Special Training and Teaching Related Experiences 

Phil 9005:

The purpose of this course is to prepare philosophy graduate students for teaching philosophy. Since teaching styles in philosophy are radically variable, every week a different professor from the department would share advice on pedagogical methods which have been successful for each of them. Additionally, each participant was videotaped and received feedback from their peers and from faculty concerning ways each participant could improve their teaching. I completed this course in the fall of 2007.

Future Faculty Program:

The Future Faculty Program is sponsored by the Graduate School and coordinated by the Center for Teaching and Learning at the University of Georgia. The purpose of the Future Faculty Program is to prepare participants for faculty posts, develop skills necessary to building active classrooms, increase peer mentoring in academic departments, and develop the capacity for applying new technologies in the classroom. All participants in the program were selected for their excellence in teaching. I participated in this program in the 2008-2009 Academic year.  As a participant, I functioned as a TA orientation leader for TA orientation 2009 and 2011 for new graduate teaching assistants.
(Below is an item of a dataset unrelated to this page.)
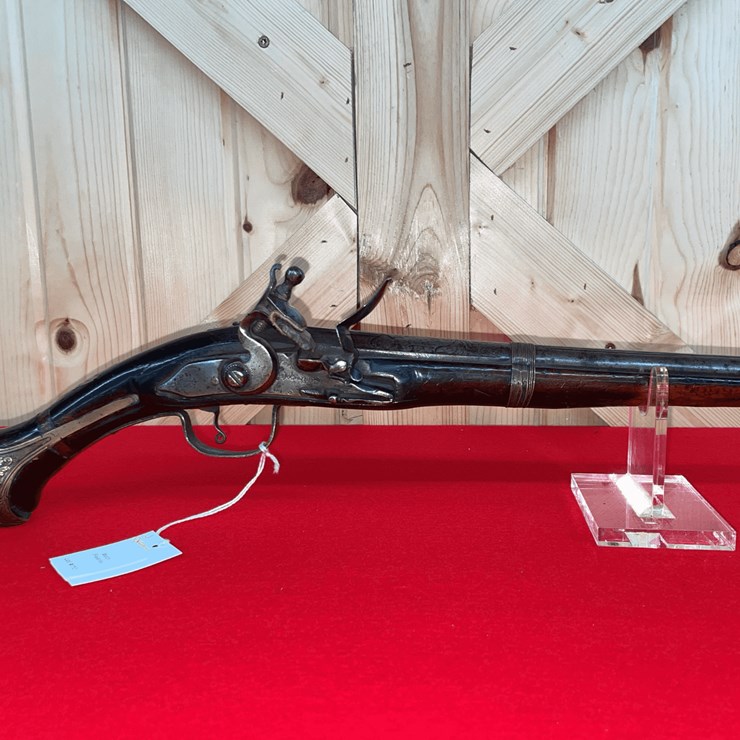Flintlock Pistol with Ornate Brass Furniture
With other participants, I lead a discussion section for new TAs on how to lead discussion sections.

Faculty Learning Community:

Along with other graduate students from various disciplines,  I investigated the efficacy of online discussion forums on the quality of participation in philosophy classrooms. We compared the use of university sponsored programs such as E-Learning Community or ELC with online social networking sites such as Facebook. The study has culminated in the publication of an article in the IJ-SOTL. We are currently working on a follow up paper.

Annual Law School Preparation Session:

In the fall semester of 2012 I initiated the first annual law school preparation session at Oglethorpe University. I invited law school graduates, practicing lawyers, and current law school students who studied philosophy as undergraduates. The participants held a roundtable discussion in which they gave advice on how to best prepare for law school with special attention on how taking philosophy courses may help improve LSAT scores, and aid in the practice of law more generally. 

Guest Lecturing:

I have repeatedly been invited to guest lecture. I was invited to the Medical College of Georgia (now the Georgia Health Sciences University) , where I gave a lecture on ‘Rhetoric and Medicine’ during the Spring Semester 2011.  I have been invited to lecture at meetings of the Georgia chapter of Phi Sigma Tau, an international honors society. The content of many of these lectures were appropriated from theses I developed while teaching philosophy. Guest lecturing has allowed me to translate content prepared for the classroom into research applicable to independent lectures and professional conferences.